Selon Pierre Claver Ndayicariye, les élections qui ont suivi au Burundi sont celles de mai 1965, des élections législatives anticipées ont été organisées à travers tout le pays, sous l’instigation du groupe Casablanca. Suite à l’assassinat du premier ministre Pierre Ngendandumwe intervenu le 15 janvier 1965 dans la soirée, suivi de l’incarcération des leaders du groupe Casablanca, le groupe Monrovia semblait s’imposer pour orienter l’action du parlement et du gouvernement. Les leaders Batutsi ont conseillé au roi Mwambutsa de dissoudre d’abord le parlement qui leur fait obstacle. Ainsi à la veille de ces élections, des balises furent établies sur le plan institutionnel, pour que les Batutsi du groupe Casablanca puissent s’assurer une majorité substantielle dans les urnes.
Les élections législatives du 10 mai 1965 ont été gagnées par le parti UPRONA, avec 21 députés sur 33 sièges et 12 sénateurs sur les 16 sièges. Le parti du peuple PP, malgré l’hécatombe subie en janvier 1962 avait pu reconstituer ses états – major et a pu obtenir 10 sièges.
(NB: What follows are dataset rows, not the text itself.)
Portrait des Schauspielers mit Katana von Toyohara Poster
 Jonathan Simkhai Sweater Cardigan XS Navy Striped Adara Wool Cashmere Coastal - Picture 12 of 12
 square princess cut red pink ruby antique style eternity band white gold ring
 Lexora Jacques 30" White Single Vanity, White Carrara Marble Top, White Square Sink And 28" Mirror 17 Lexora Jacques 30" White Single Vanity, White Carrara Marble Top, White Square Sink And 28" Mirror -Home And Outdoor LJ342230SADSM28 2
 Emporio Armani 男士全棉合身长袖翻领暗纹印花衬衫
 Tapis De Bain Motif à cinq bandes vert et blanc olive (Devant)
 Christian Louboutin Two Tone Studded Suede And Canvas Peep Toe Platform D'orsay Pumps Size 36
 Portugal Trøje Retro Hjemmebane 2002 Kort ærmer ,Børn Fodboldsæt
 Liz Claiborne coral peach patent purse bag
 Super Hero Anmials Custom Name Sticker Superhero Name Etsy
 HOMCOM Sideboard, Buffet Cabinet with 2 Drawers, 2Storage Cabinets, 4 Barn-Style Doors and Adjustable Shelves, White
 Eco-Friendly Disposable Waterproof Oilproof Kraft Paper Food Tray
En termes techniques, les Bahutu ont obtenu 23 sièges, dont 13 au sein de l’UPRONA et les 10 du PP. Au niveau du sénat, les Bahutu étaient au nombre de 10 sur 16. À partir des archives consultées par la CVR, il est clair que tous les élus Bahutu de mai 1965 furent assassinés, soit en 1965 même, soit en 1972, à l’exception de Biyorero Ezéchias élu à Rumonge qui prit le large en Tanzanie.
À cette même occasion, le président de la CVR a fait savoir que même si la CVR n’a pas encore fait des enquêtes approfondies sur la manière dont les vainqueurs des élections démocratiques de juin 1993 ont été tués, il est permis de penser que leur élimination répond à la même logique. Le président Melchior Ndadaye et ses proches collaborateurs ont été assassinés au cours du coup d’État débuté le 21 octobre 1993. Mais il va sans dire que les acteurs de cette crise, l’ambiance de la campagne électorale de mai 1993, les résultats des élections proclamés le 3 juin 1993 et les réactions qu’ils ont suscitées, ont provoqué la catastrophe qui a conduit à la guerre civile qui a pris fin officiellement le 4 décembre 2008. Le président de la CVR a terminé en réconfortant les citoyens burundais en leur disant de ne pas avoir peur de la vérité, mais d’avoir peur du mensonge et de l’hypocrisie expliquant que le mensonge d’État a tué des milliers d’innocents au Burundi.